▶ **What is required**
Pictures are not part of the copy; reproduce the remaining data exactly.

[Opening Dataset excerpt section]

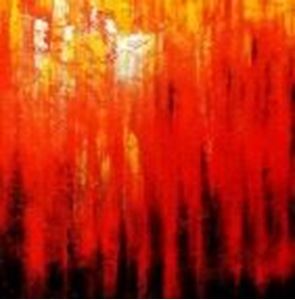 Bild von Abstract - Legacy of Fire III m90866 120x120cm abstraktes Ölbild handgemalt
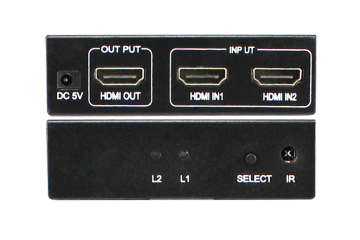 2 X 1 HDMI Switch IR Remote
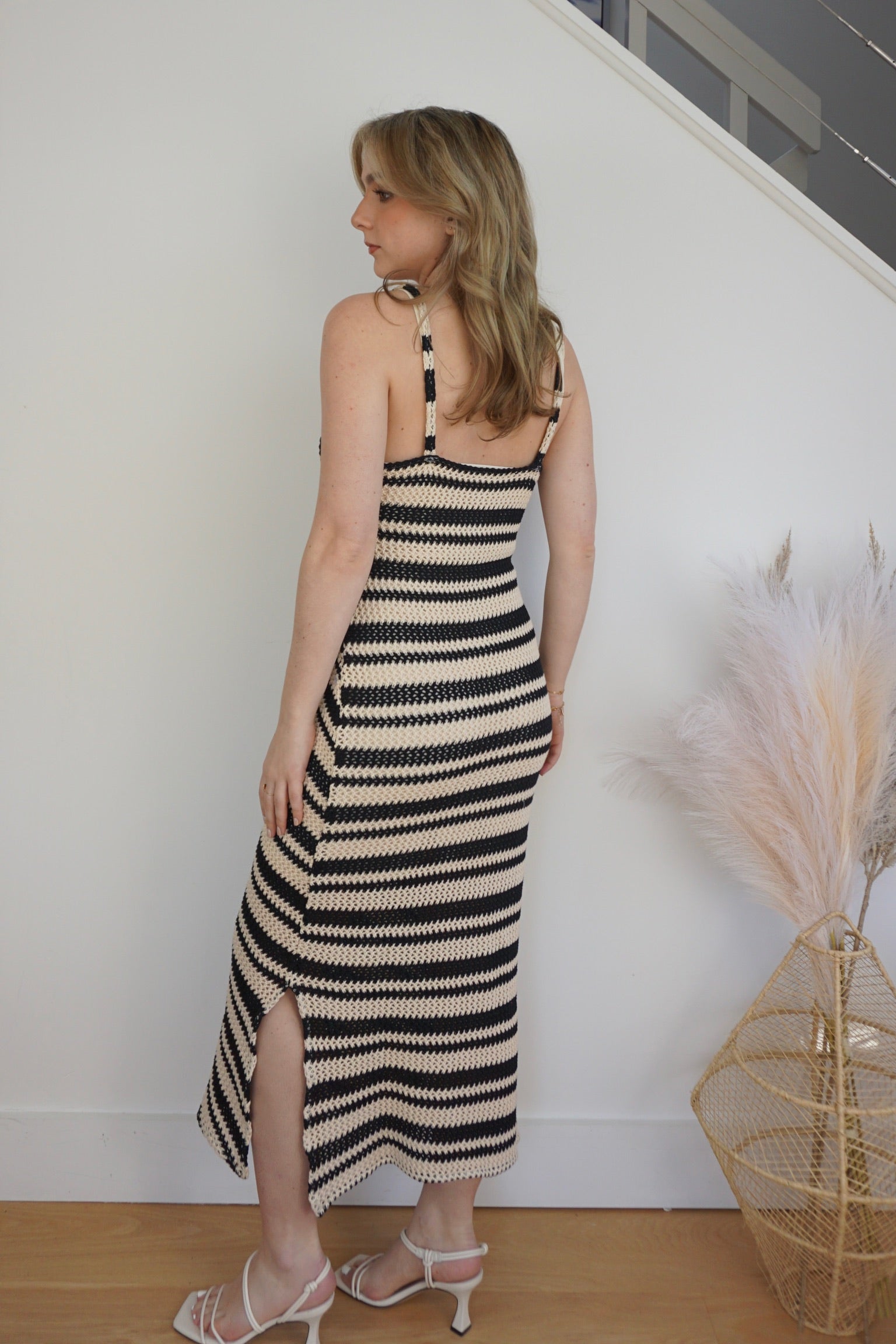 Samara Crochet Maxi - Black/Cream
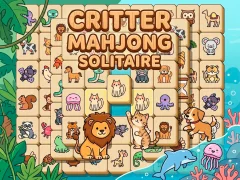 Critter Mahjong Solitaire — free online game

[Closing Dataset excerpt section]

▶ **Task solution**
 Bild von Abstract - Legacy of Fire III m90866 120x120cm abstraktes Ölbild handgemalt
 2 X 1 HDMI Switch IR Remote
 Samara Crochet Maxi - Black/Cream
 Critter Mahjong Solitaire — free online game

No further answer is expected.